How to complete this task> Your answer must be an exact copy of the lines from the one containing "Marina di Massa Hotel | Hotel Villa Giada" through the last line of the records below, with no pictures; please include nothing else.

(Caption-style text data)
━━━━━━━━━━━━━━━━━━━━

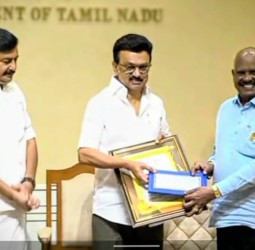 தினத்தந்தி நாளிதழ் நிர்வாக ஆசிரியர் சுகுமாருக்குகலைஞர் எழுதுகோல் விருது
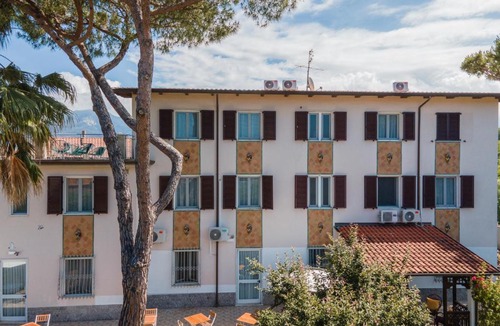 Marina di Massa Hotel | Hotel Villa Giada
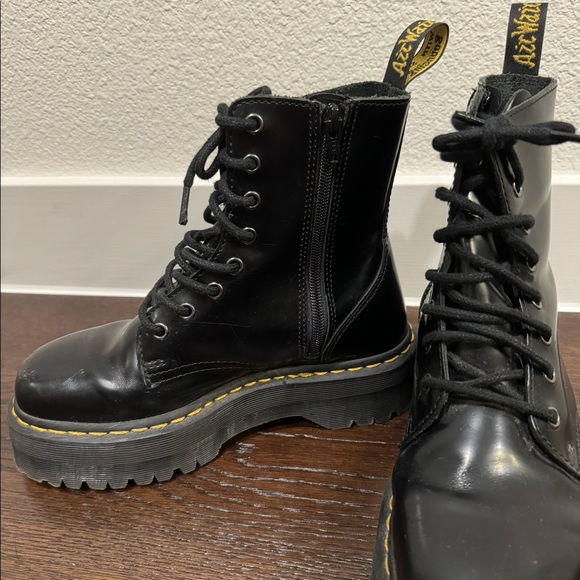 Dr. Martens boots - Picture 4 of 7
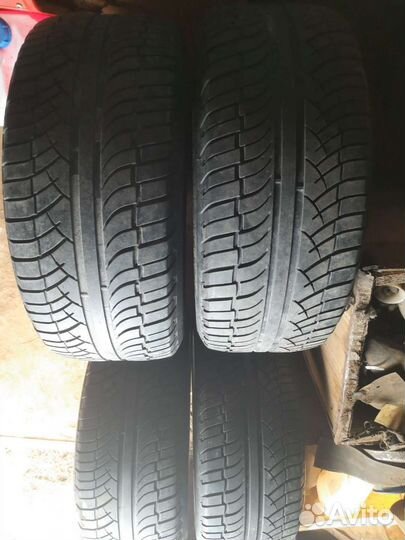 Michelin 4x4 Diamaris 275/55 R17 и 275/55 R17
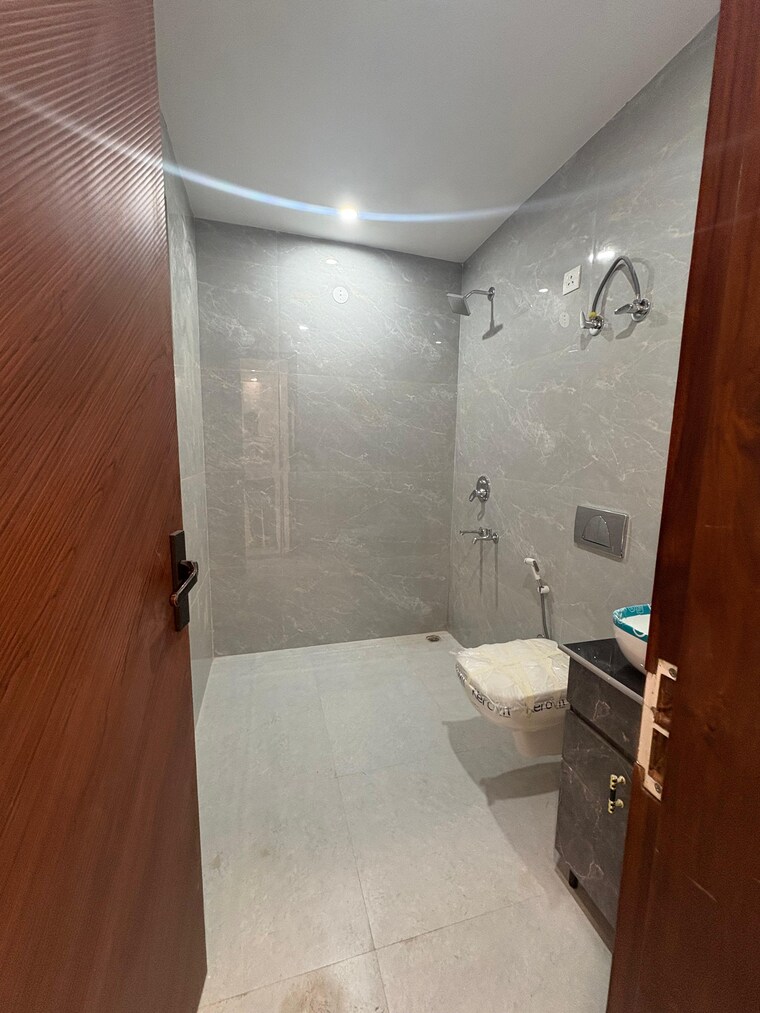 Bathroom, sector 81 3 Bedroom 1400 Sq.Ft. Builder Floor In Sector 81 Faridabad 9561276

━━━━━━━━━━━━━━━━━━━━

Response to this task>
 Marina di Massa Hotel | Hotel Villa Giada
 Dr. Martens boots - Picture 4 of 7
 Michelin 4x4 Diamaris 275/55 R17 и 275/55 R17
 Bathroom, sector 81 3 Bedroom 1400 Sq.Ft. Builder Floor In Sector 81 Faridabad 9561276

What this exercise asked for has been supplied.